Not surprisingly, there are four main areas to traverse, although they do not map exactly onto the seasons and each contain routes that require all four seasons to be employed. The range of effects from the seasonal abilities is refreshingly varied. In general, winter allows you to run and jump across frozen water, spring and summer produce different foliage to climb or bounce on, whilst autumn (or fall for our transatlantic readers) causes leaves to lift in the wind and fungi to flourish.
It is when Seasons After Fall requires you to use a combination of seasons that it really shines, however. Causing a spout of water to shrink and grow so that it can be frozen in order to grant access to platforms, or bouncing from autumn mushroom to summer vines. These kinds of combinations provide the kind of satisfaction that good puzzles should. In these instances, the whole landscape becomes a puzzle designed to test your use of the seasons. Less successful, however, are the occasional riddles in which you must place fireflies in specific patterns.

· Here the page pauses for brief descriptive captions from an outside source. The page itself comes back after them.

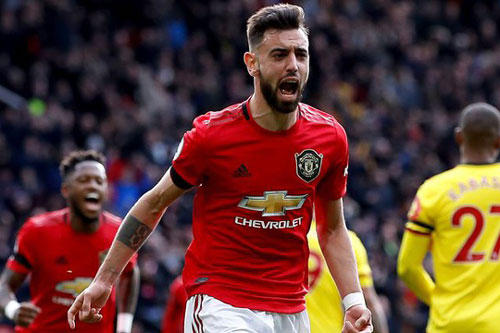 Bruno Fernandes quan trọng như thế nào ở Man Utd?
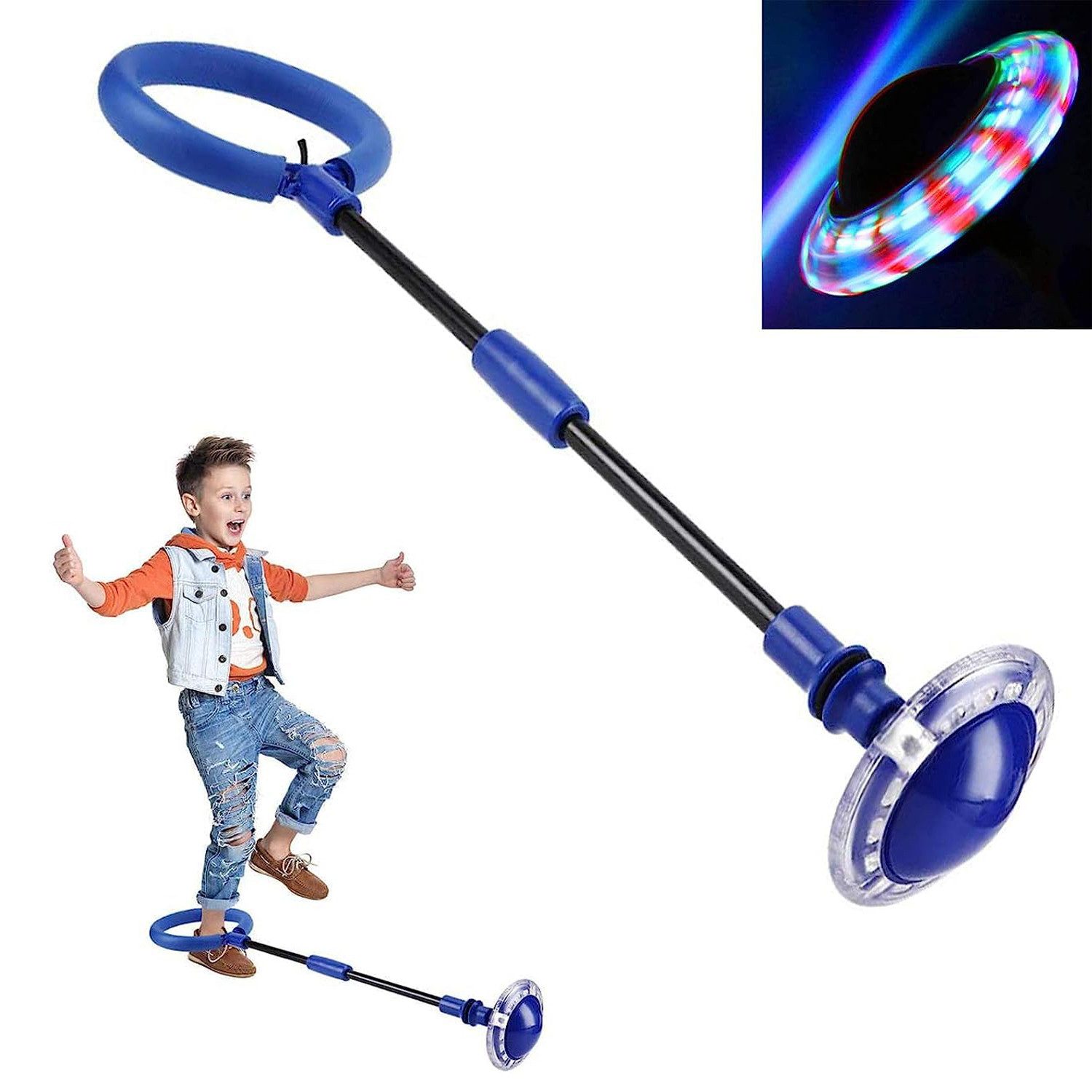 ZEUOPQ Lernspielzeug Swing Wheel mit Lichtrad günstig online kaufen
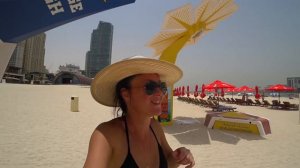 4 СПОСОБА СЭКОНОМИТЬ В ДУБАЕ! Дубай Марина и пляж JBR- самый знаменитый пляж в Дубае. VLOG (день 5)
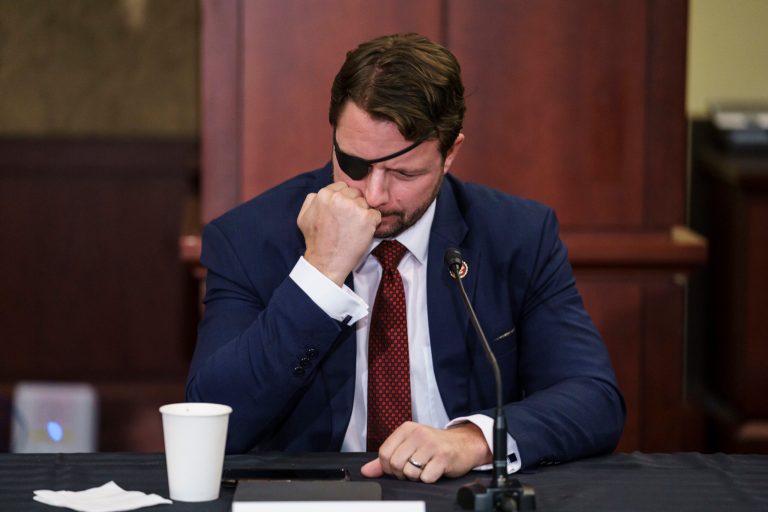 Dan Crenshaw publishes children’s book on dangers of cancel culture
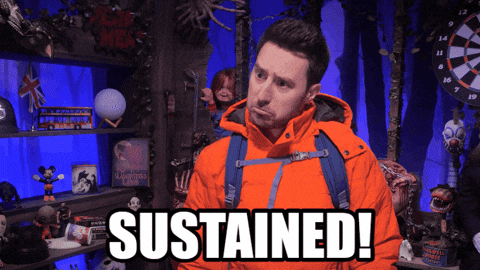 Sustain London GIF by Dead Meat James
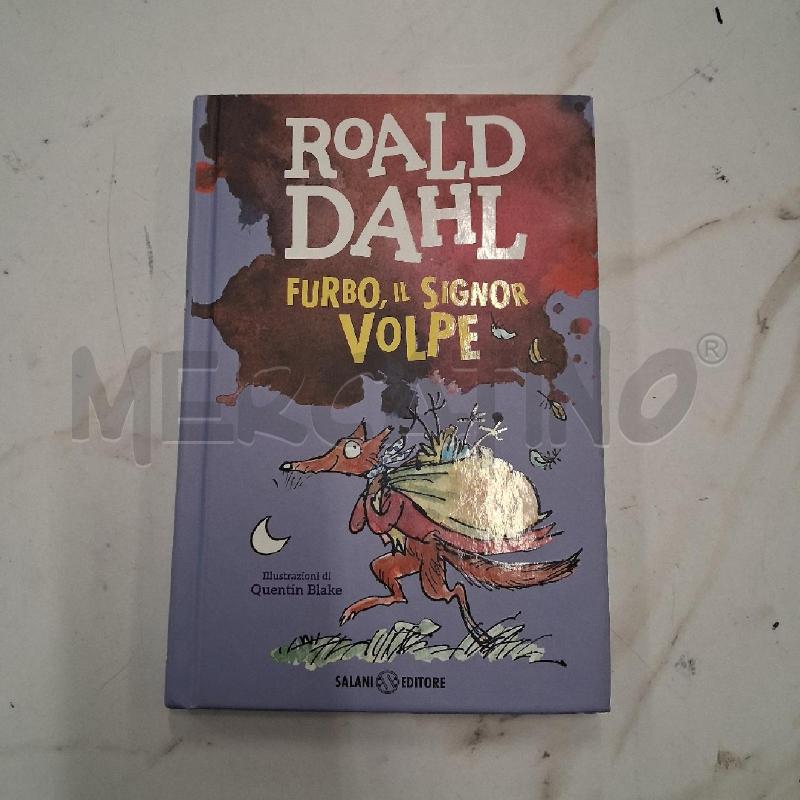 ROALD DAHL | Mercatino dell'Usato San giorgio del sannio 1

These tend to be either obvious or wilfully obtuse. One area in particular gives little clear indication of where the patterns need to be placed.
It bears repeating just how beautiful Seasons After Fall is both visually and musically. When paired with the interesting season manipulation mechanic, the result is a highly enjoyable puzzle-platformer that actually requires both physical and mental dexterity to complete. It is not flawless, but the occasional niggles are outweighed by the gorgeous aesthetics and the moments of puzzle solving satisfaction.